_Task goal_
Once the pictures have been excluded, set down each remaining entry word for word.

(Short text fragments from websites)

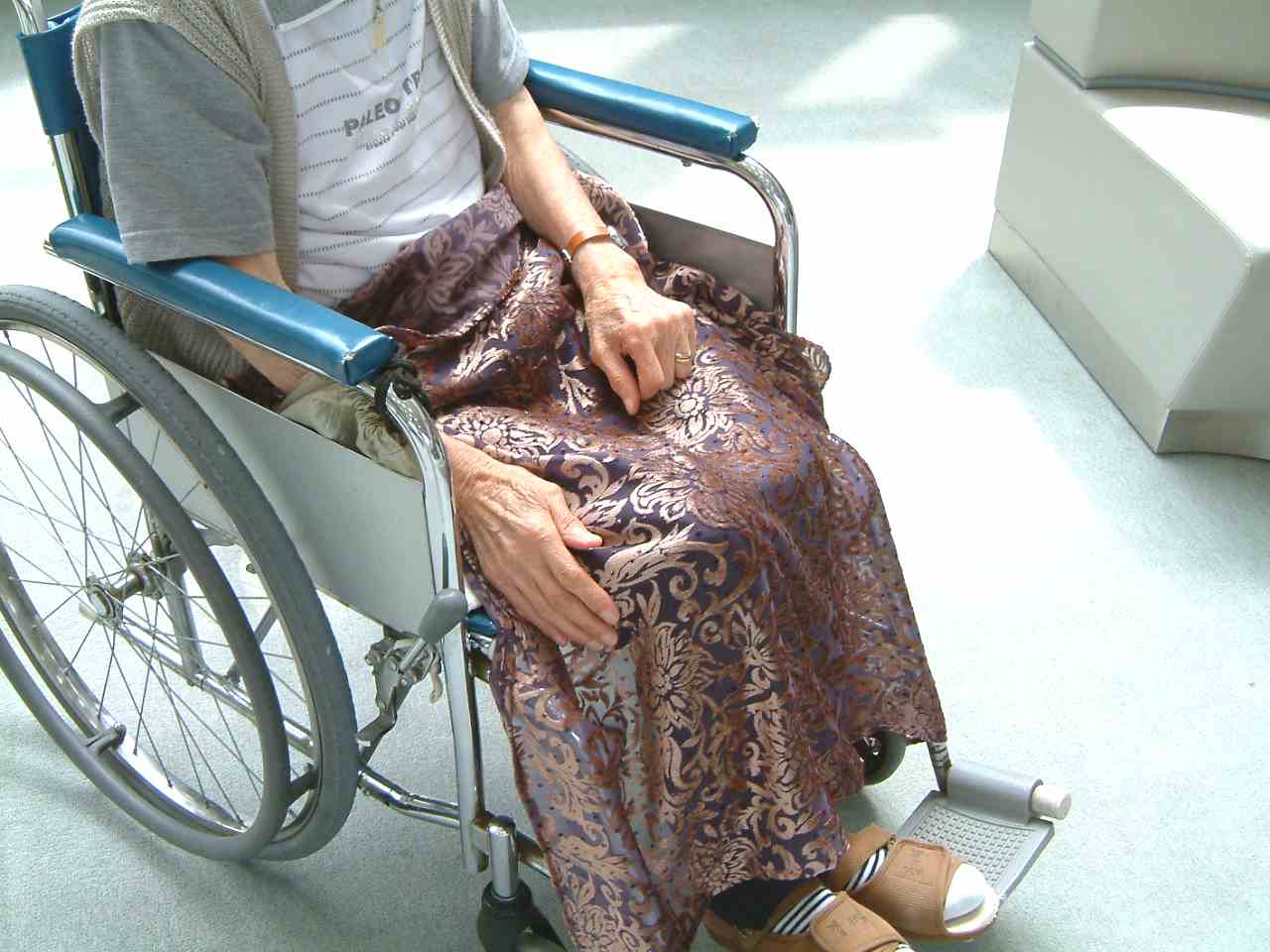 養護・介護用品(車いす)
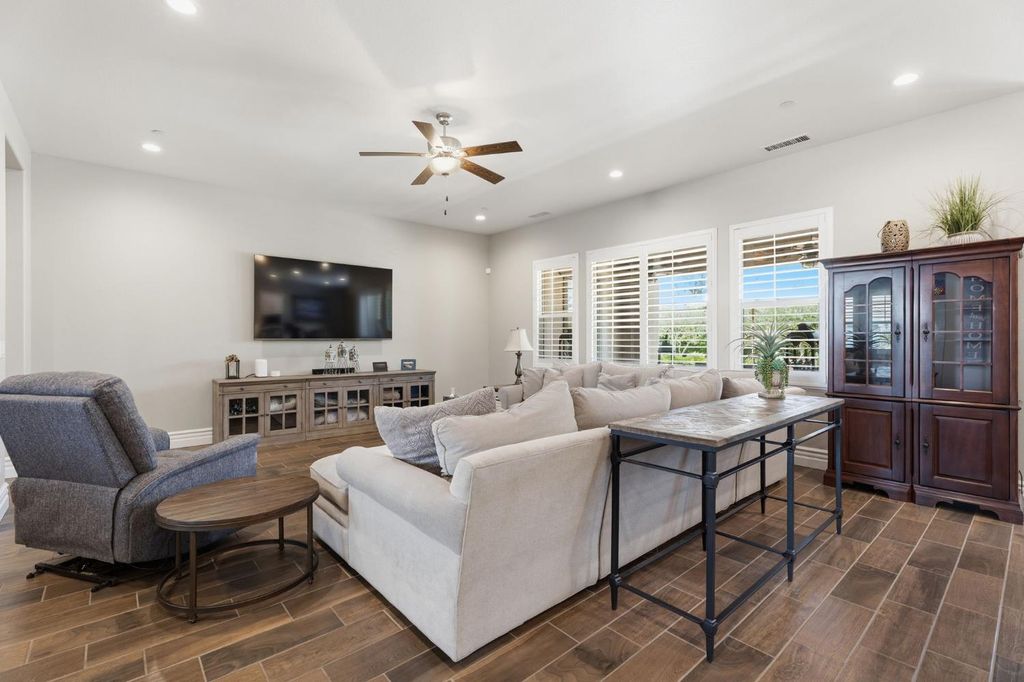 Image 10 of property listing at 285 Pinnacle Drive W, Madera, CA 93636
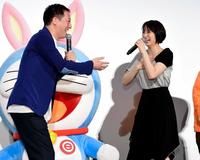 トークで盛り上げる広瀬アリス（右）とサバンナの高橋茂雄＝東京・ＴＯＨＯシネマズ六本木ヒルズ（撮影・開出牧）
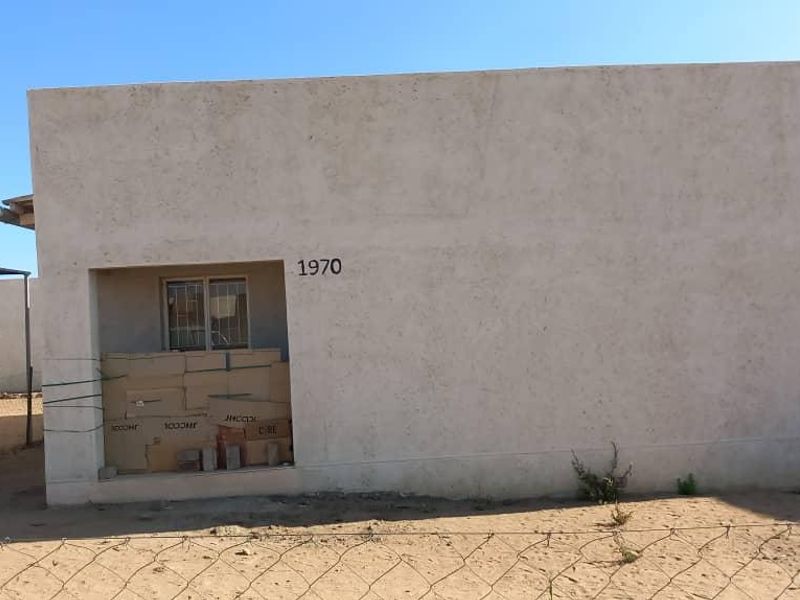 2 Bedroom house for sale in Okahandja ext 9 - Photo 4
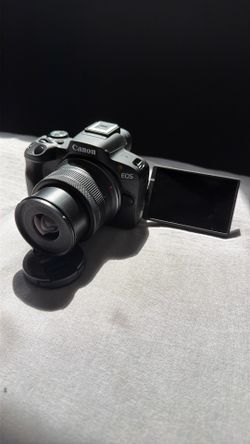 Canon eos R50 camera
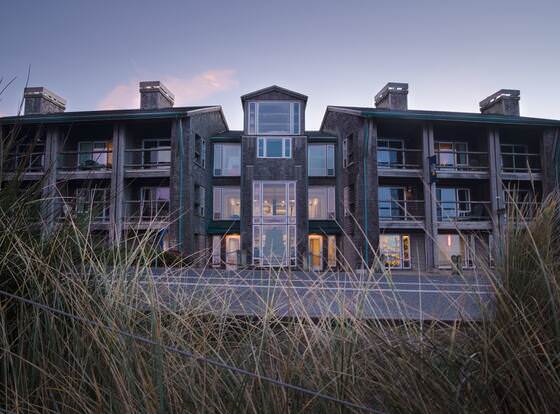 Inn at Cape Kiwanda allows check-in for 18 year-old guests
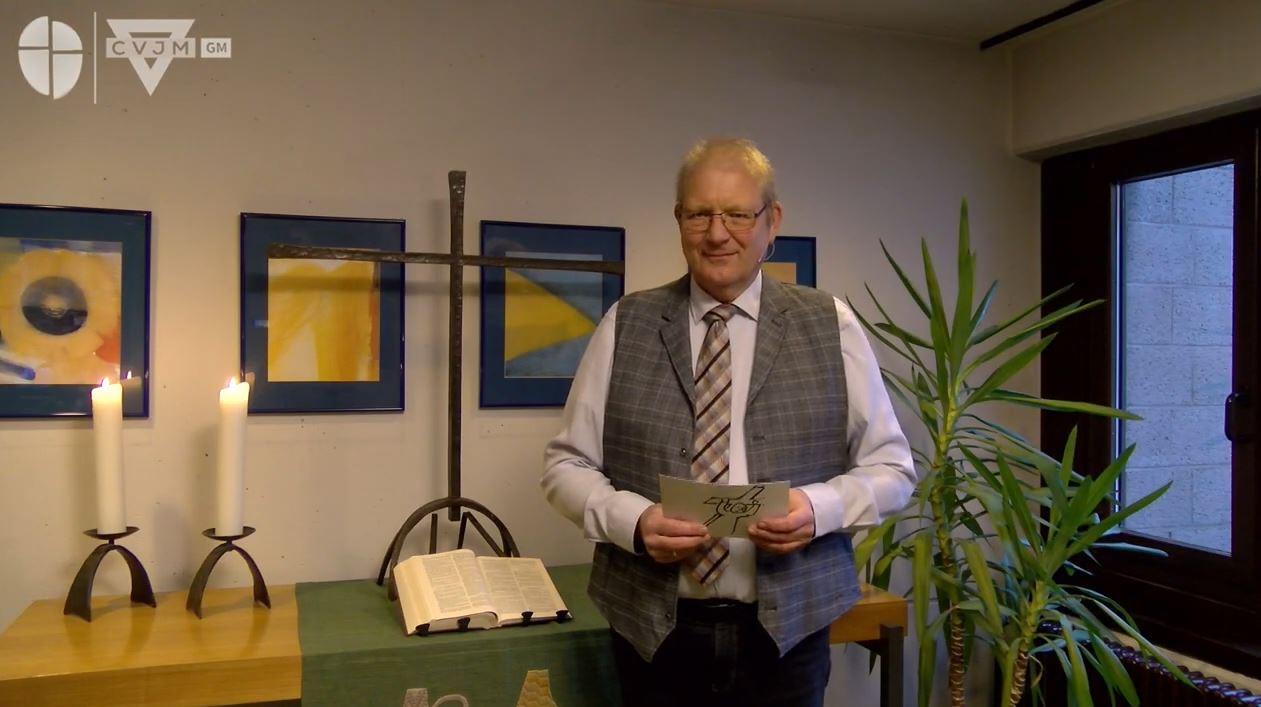 Helmut Krüger bei einer Andacht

_Finished exercise_
 養護・介護用品(車いす)
 Image 10 of property listing at 285 Pinnacle Drive W, Madera, CA 93636
 トークで盛り上げる広瀬アリス（右）とサバンナの高橋茂雄＝東京・ＴＯＨＯシネマズ六本木ヒルズ（撮影・開出牧）
 2 Bedroom house for sale in Okahandja ext 9 - Photo 4
 Canon eos R50 camera
 Inn at Cape Kiwanda allows check-in for 18 year-old guests
 Helmut Krüger bei einer Andacht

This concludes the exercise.